I will be the first one to admit that I have really taken a break from actively reading publications on a daily basis. This first year of practice has had me so involved with practice management, learning to run a business, developing staff and patient relationships that the last thing I wanted to do at the end of the day was read journal articles. This doesn’t mean that I turned my back on my patient care. I start my every morning with a review of the latest trends, discoveries, medications, and so on through various aggregated sites with the latest information. I keep up but I don’t actively chase down information unless pertinent to me at the time. This Is in sharp contrast to residency where we were constantly consuming information and building our knowledge bases so I am admittedly setting my bar high.

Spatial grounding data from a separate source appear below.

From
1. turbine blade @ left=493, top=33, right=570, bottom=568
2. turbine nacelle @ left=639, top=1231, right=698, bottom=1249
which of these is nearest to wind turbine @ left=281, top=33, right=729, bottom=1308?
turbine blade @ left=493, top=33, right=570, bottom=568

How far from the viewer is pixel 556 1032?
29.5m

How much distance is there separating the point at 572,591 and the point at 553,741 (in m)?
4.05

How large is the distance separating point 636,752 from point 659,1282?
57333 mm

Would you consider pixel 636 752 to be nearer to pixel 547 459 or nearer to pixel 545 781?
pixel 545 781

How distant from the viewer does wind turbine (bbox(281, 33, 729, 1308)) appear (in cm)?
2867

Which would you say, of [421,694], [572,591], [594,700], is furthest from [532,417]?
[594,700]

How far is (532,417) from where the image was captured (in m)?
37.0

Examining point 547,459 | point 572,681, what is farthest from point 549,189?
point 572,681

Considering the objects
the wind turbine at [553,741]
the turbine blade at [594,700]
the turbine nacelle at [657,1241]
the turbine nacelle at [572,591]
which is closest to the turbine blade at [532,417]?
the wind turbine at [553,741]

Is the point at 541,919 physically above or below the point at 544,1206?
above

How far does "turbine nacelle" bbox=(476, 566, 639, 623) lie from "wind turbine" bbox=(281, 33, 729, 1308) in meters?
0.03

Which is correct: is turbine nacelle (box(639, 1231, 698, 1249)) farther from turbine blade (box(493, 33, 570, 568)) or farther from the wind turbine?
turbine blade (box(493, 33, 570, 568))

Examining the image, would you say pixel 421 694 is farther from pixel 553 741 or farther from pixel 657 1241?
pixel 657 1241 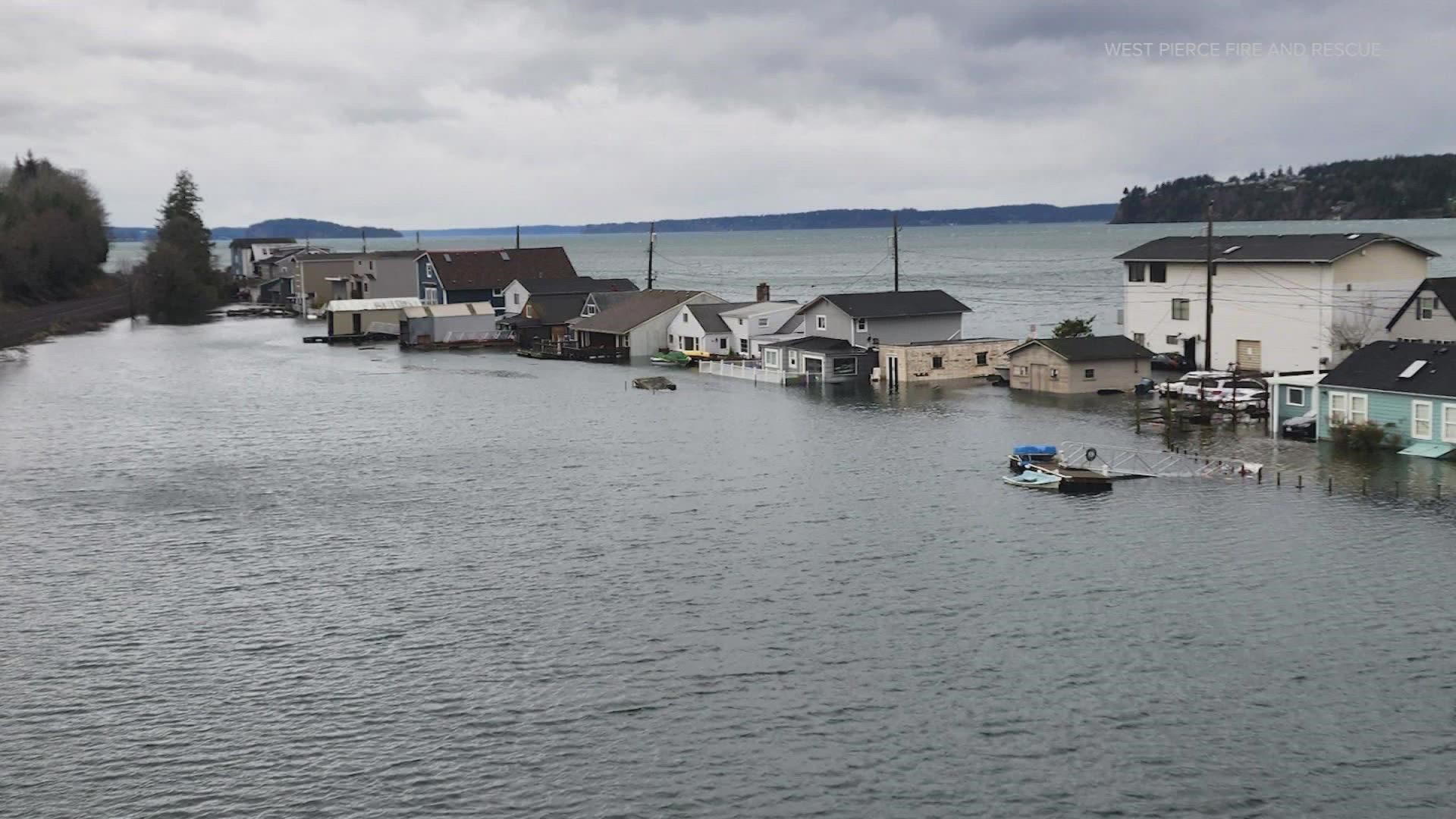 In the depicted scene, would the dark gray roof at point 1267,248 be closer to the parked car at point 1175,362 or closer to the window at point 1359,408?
the parked car at point 1175,362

Being a doctor and running a business is a funny thing. Even being employed by a corporation is a perplexing idea in my mind. The exams I perform, the tests I run, the products I sell, and the advice I give all have monetary ramifications. Working for somebody else you are also expected to live up to a corporation’s expectations of you, proving your worth through profitability. Being able to truly leave your bottom line out of the thought process when creating a treatment plan is a difficult and tricky endeavor and a major concern when it comes for fee for service health care over outcome based reimbursement.
I had the opportunity to spend about half of my 4thyear as an optometry student working in Indian Health Service hospitals. My residency was also spent practice rural medicine for a low income population. The drugs we had available were generally considered the gold standard of care and if we believed there was a better treatment available we were able to present our case and use these treatments on a patient by patient basis. Post residency I worked for a small group practice that paid me a base and gave me a bonus based on productivity and the amount I billed. This was my first experience with my treatment plans and follow-ups having any impact on my own personal finances. I stuck to my training, optimized treatment plans to include as few visits as possible while still providing high level care, and refused let my financial needs change my thinking.
I think it’s very easy to let looming rent, electric bills, vendor bills, etc. to negatively affect our thinking when it comes to treatments and follow-up. I reach the end of each month hoping whatever we as a team were able to accomplish will cover our monthly expenses. It’s also a business at the end of the day and we need to survive. Where do we draw the line? How do the choices we make effect our bottom line as well as our patient’s wallet?
I was following an interesting topic online, and an admitted sore spot for me and my perception of patient care. A doctor was having trouble managing a patient who had confluent PEK, or stippling, similar to small abrasion and they were not seeing resolution. The patient was concurrently on a steroid (which delays healing) and artificial tears. When asking colleagues for advice many were quick to recommend an amniotic membrane, a harvested cornea from a donor that is inserted to speed up heeling. These membranes with insertion and removal fees are often hundreds of dollars. When questioned, all that was brought up was that its covered by insurance so why should we not do it? Well in my opinion, first off, with high deductible plans that cost is more than likely going to be passed straight on to your patient. Second, if you are putting something on the patient that actively slows healing – I would think that discontinuing this treatment would be your first step. This to me is a culmination of doctors chasing the newest latest and greatest treatment, preferring what it does to their bottom line, and forcing expensive treatments on to uneducated patients. I see this happening more and more in the optometric regardless of the disease, recommending costly unnecessary and sometimes even contraindicated treatments. We firmly believe that it’s important to discuss all treatment options, their physical cost, and risks v. benefits with each patient. Maybe it takes an extra few minutes but in medicine, education is power. It is our job to educate our patients to make them informed consumers and to aid them in taking the correct path. Medicine is half education, and we are the educators.